Die Rede von Herrn Rademacher war eines Seelsorgers und Theologen absolut nicht würdig. Sein Vergleich mit der teilweise gebräunten und der weiß gebliebenen Haut seines eigenen europäischen und deutschen Körpers in diesem Sommer war höchst peinlich und auch für einen Vergleich – physiologisch, kuluturell, genetisch und psychologisch gesehen – nicht zulässig. Und doch haben ihm 2.499 Menschen zugejubelt, woran man sieht, dass auch ein Herr Langenbacher – zwar wohl ein Linker – Demagoge ist, dem es gelingt, Menschen dahin zu bringen, wo sie eigentlich nicht hin wollen. Abgesehen davon ist das Thema der „Hautfarben“ viel zu ernst, viel zu traurig, viel zu bitter, viel zu tödlich, als dass man so einen billigen und mehr als oberflächlichen „Vergleich“ heranziehen könnte. Gerade die Katholische Kirche und die Kirchen überhaupt, haben hier (bis heute) dermaßen versagt, dass es sich als katholischer Seelsorger verbietet, dermaßen Billiges, Manipulierendes und Demagogisches von sich zu geben.
Meine MAXIMEN
1. Ich bin keiner der „besorgten Bürger“, sondern ich versuche im Alltag die Sorgen meiner ausländischen und einheimischen Nachbarn mit zu tragen, in dem ich ihnen zuhöre und, wenn NOT-wendig, mit anpacke!

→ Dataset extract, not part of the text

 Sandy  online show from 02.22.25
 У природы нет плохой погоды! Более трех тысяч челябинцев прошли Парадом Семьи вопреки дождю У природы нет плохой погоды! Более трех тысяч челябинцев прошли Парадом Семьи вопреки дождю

2. Ich gehöre politisch und gesellschaftlich gesehen eher zum „linken Lager“. Aber auch mir gilt in gleicher Weise wie dem „Klassenfeind“ von Rechts, der Appell, verbal abzurüsten!
3. Ich kann den politisch und gesellschaftlich Andersdenkenden und Andersmeinenden nur dann wirklich verstehen und ihn erreichen, wenn ich selbst in keiner Ideologie – auch nicht der linken – gefangen bin. „Frieden schaffen ohne Waffen“ heißt auch immer: ausgestreckte Hand, statt geballte Faust.